How one investigates is as important as who does the investigation (the previous blog) and what framework one brings to the investigation (the first blog in this series).  Further, how one communicates the results of one’s investigation is integrally related to what is revealed, but I will reserve the discussion of that aspect of the methodology only after we examine the majority of the Report. For the context of how results are conveyed is as important as the context of the actual events themselves and the methodology for determining facts.

The Commission never visited Gaza. Israel never even acknowledged the repeated requests from the 2014 Gaza War Commission to permit entry from Israel. Egypt would not even allow the Commission to enter via the Rafah crossing, allegedly due to the security situation (para. 3). However, as we read on, Egypt’s refusal was irrelevant. Why?

“Israel also regulates all (my italics) crossings allowing access to and from Gaza. While it is true that the Rafah crossing is governed by Egypt, Israel still exercises a large degree of control, as only Palestinians holding passports are allowed to cross, and passports can only be issued to people featuring on the Israeli generated population registry.” (para. 29) Israel controls who gets passports in Gaza. Why is this claim made? Israel “controls the Palestinian population registry, which is common to both the West Bank and Gaza, and Palestinian ID-cards can only be issued or modified with Israeli approval.”
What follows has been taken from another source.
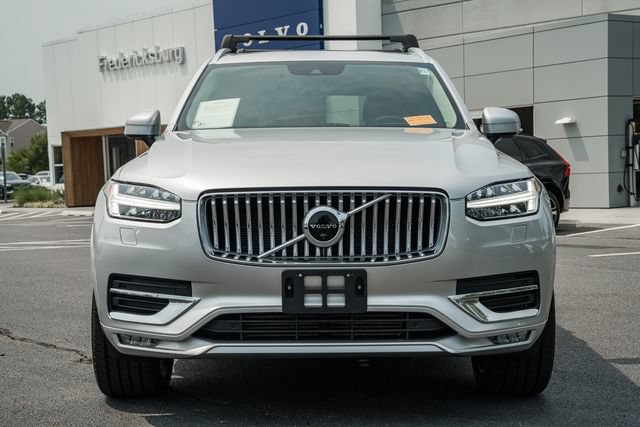 Certified 2022 Volvo XC90 T6 Inscription w/ Advanced Package AWD/4WD image 2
Assertions like this undercut the credibility of the report. Though most readers of the report will be unfamiliar with the so-called passport war, the basic facts are these:

  • The PA, not Israel, overwhelmingly controls who receives passports in Gaza
  • The PA issues approximately 500 passports per business day to Gaza residents
  • The PA is the party, not Egypt, which restricts the issuance of passports based on vague security concerns
  • Egypt’s restrictions are imposed, not only for security reasons, but to prevent overstayers and using Egypt as a place to escape from living in Gaza
  • Hamas has a record of confiscating passports held by members of Fatah, in part in retaliation for the PA limitations on who gets passports
  • Gaza human rights organizations have campaigned to end the practice; thus A-Dameer, one of the Gaza-based human rights organizations, once declared that, “The PA automatically prevents people affiliated with Hamas from receiving passports. We have appealed to the prime minister on the matter, but have so far received no response.”
  • The enforcement of these practices shifts depending on the character of the relations between Hamas and Fatah at the time
  • The major obstacle to leaving Gaza has not been the absence of passports, but the possibility of entry to either Egypt or Israel, both of which restrict entry, but Egypt has permitted students to cross, those seeking medical services, those with visas to other countries and those en route to attend the annual haj pilgrimage
  • Israel’s veto rights based on the Oslo accords over the Palestinian population registry is almost totally irrelevant to the issue over the issuance of passports, and is a red herring if ever there was one.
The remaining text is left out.